Obviously McCaslin’s involvement with Bowie helped to pique my interest with regard to tonight’s show but as a long term admirer of his playing in a more obvious jazz context I was more excited at the prospect of him leading a band of his own for the first time – particularly as it was the band that appeared on the excellent 2012 release “Casting For Gravity”. Since then the same quartet have released the new albums “Fast Future” (2015) and “Beyond Now” (2016),  recordings I have yet to hear. 

But before McCaslin and his colleagues hit the stage the Rich Mix audience had the chance to enjoy a short but dynamic set from the young British trio Skint led by saxophonist and composer Phil Meadows. It was my second sighting of Meadows in two days having already enjoyed a performance by his new four piece Project earlier in the week at Foyle’s.

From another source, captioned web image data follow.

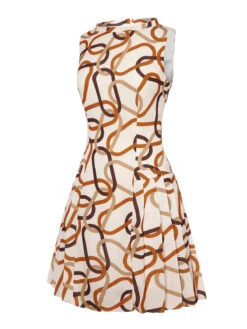 Yellow 1960s Stand Collar Printed Pleated Dress -Candi Clothing Shop SCH001243 2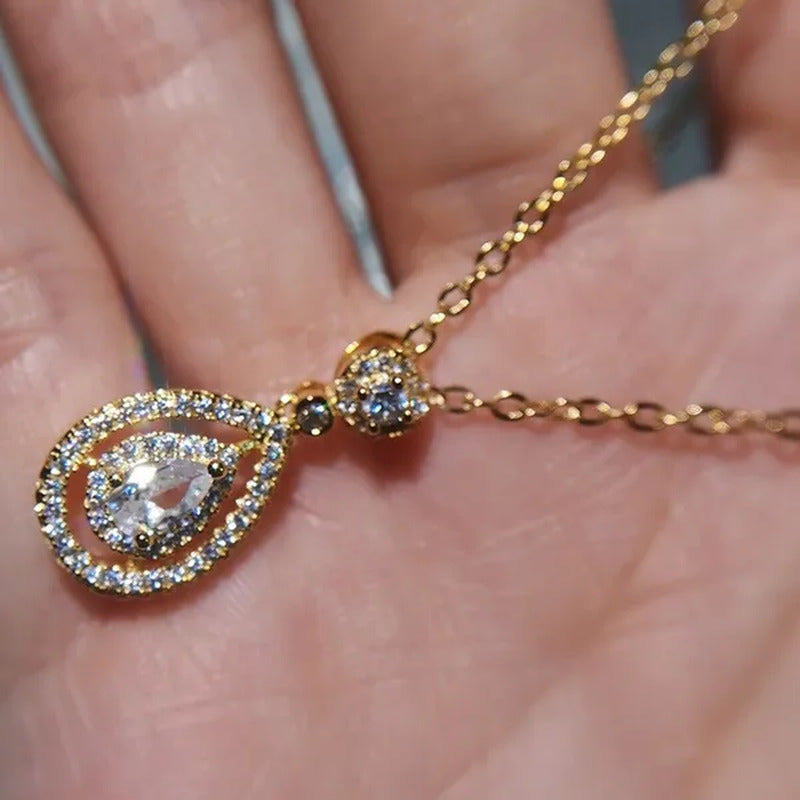 Women'S Fashion Water Drop Diamond White Sapphire Pendant Necklace Women Jewelry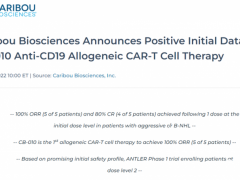 同种异体抗CD19 CAR-T细胞疗法CB-010,在治疗复发/难治性B细胞非霍奇金淋巴瘤患者的1期临床试验中获得积极结果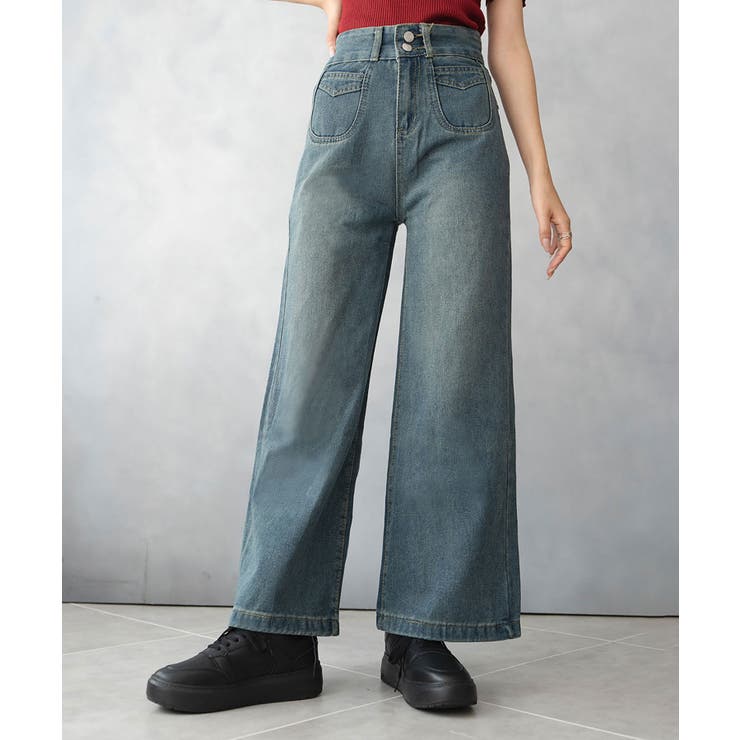 インディゴブルー | ダブルボタン ワイド デニム パンツ | SHUSHU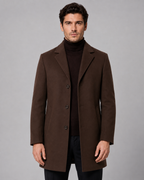 Men's Single-Breasted Wool Coat with Notch Lapel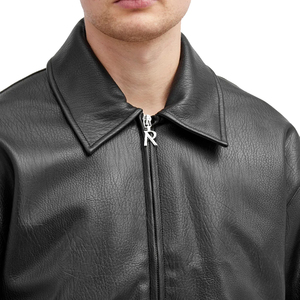 Veste en cuir véritable pour homme, décontractée, à fermeture éclair, à carreaux/uni, col en V, coupe-vent, streetwear, manches longues, automne-hiver - Product Image 6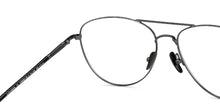 Load image into Gallery viewer, Gunmetal Aviator Full Rim Unisex Eyeglasses by John Jacobs-148382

Where the Project played thoughtful, melodic contemporary jazz Skint was much more about ‘in your face’ aggression as the trio presented their take on ‘dance music from across the globe’. If this phrase implied a kind of world music dilettantism the reality was very different. Yes, the music was loud and highly rhythmic but the trio’s approach owed more to the ‘punk jazz’ movement and bands like Acoustic Ladyland, Melt Yourself Down and The Comet Is Coming with the focus very much on energy. There were also moments when the combination of Meadows’ barking alto, Harry Pope’s pummelling drums and Joe Downard’s churning electric bass reminded me of Led Bib.

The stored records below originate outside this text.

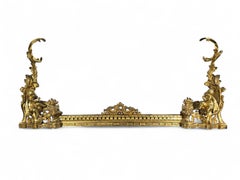 19th Century French Adjustable Gilt Bronze Fireplace Fender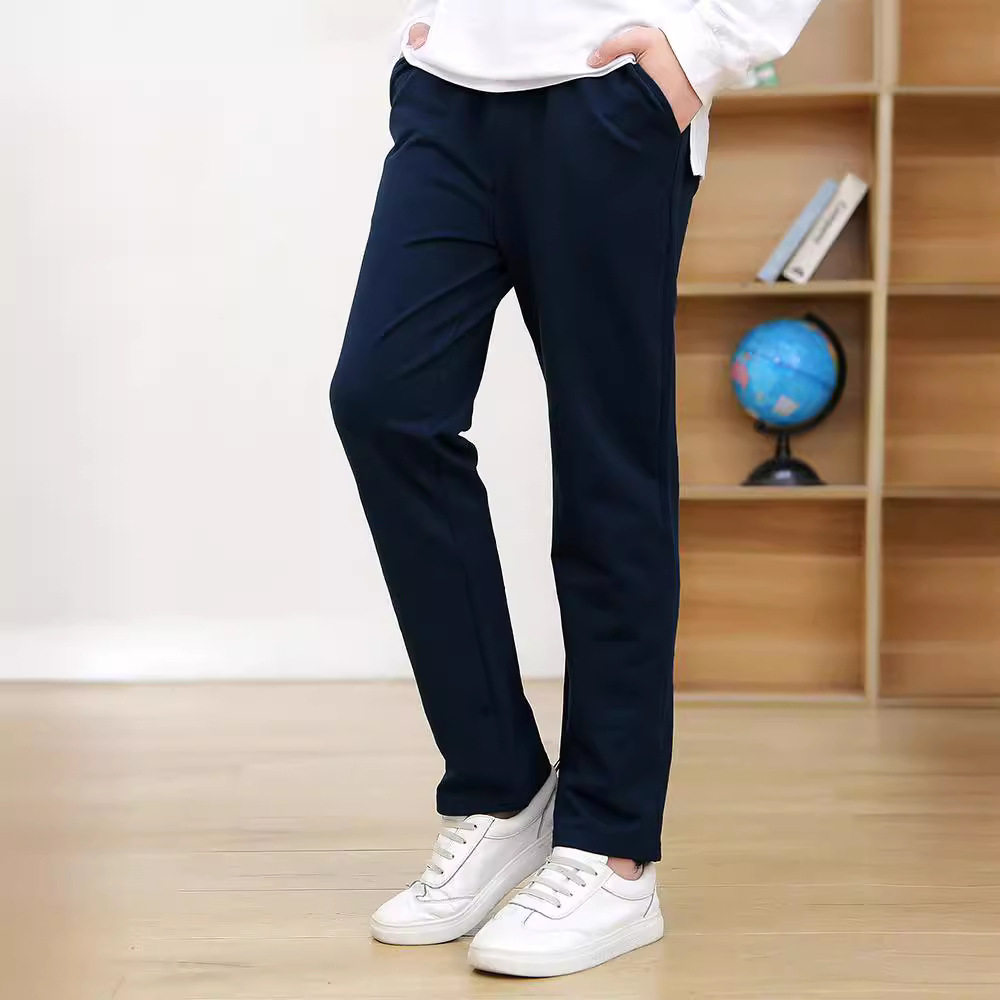 藏青色运动裤春秋小学生校服裤子藏蓝色加绒女童直筒长裤运动风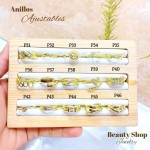 #A Anillos ajustable Baño oro 18 k  p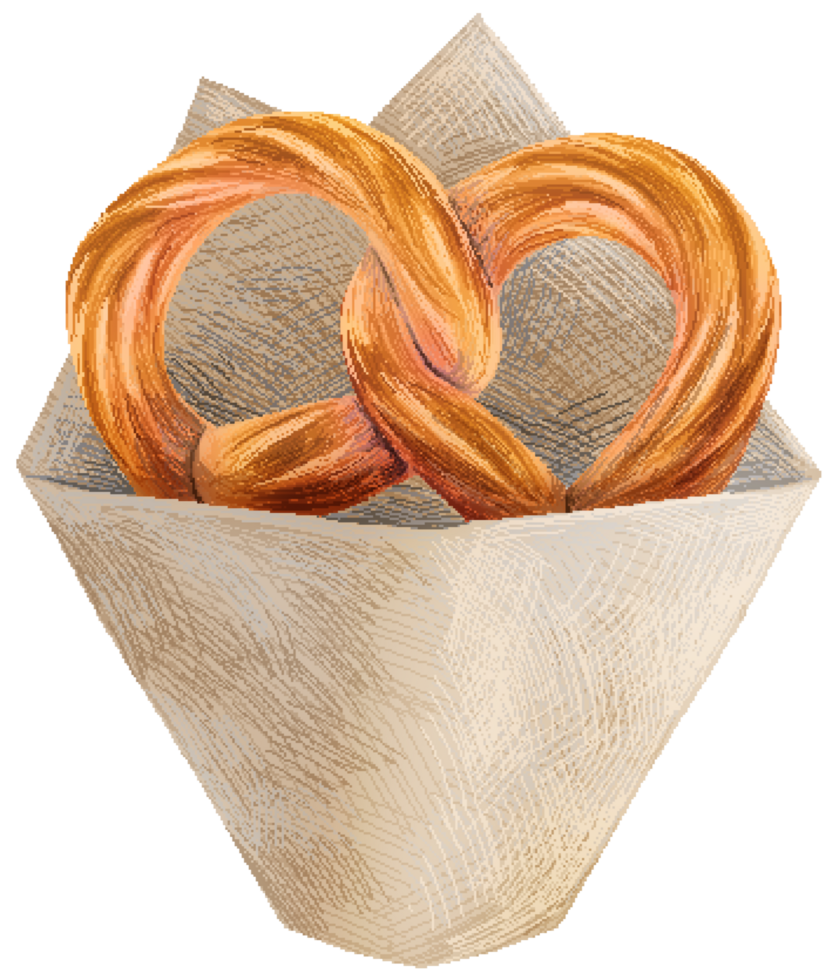 Pretzel in pixel art style png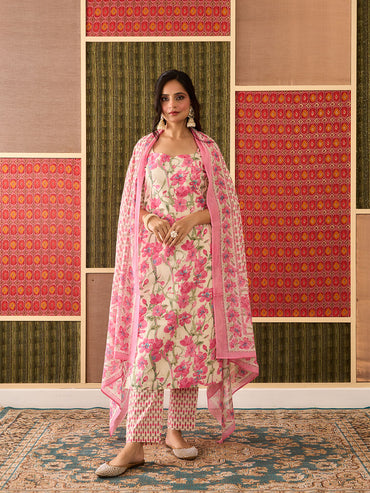 Gulnaar, Cream, Cotton Straight-Cut Set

With Meadows also deploying keyboards and electronics the trio augmented their core sound with pre-programmed beats, Hammond and Rhodes sounds and various electronic effects. In this kind of club environment tune announcements were at a premium (although in other contexts Meadows can be an articulate, witty and informative interlocutor) as the trio tore through four fairly brief, tightly focussed pieces during their short forty minutes or so support slot.

The hard hitting opener featured Meadows on keyboards as well as alto and culminated in a hard hitting drum feature from the hyper active Pope, also the current drummer for WorldService Project.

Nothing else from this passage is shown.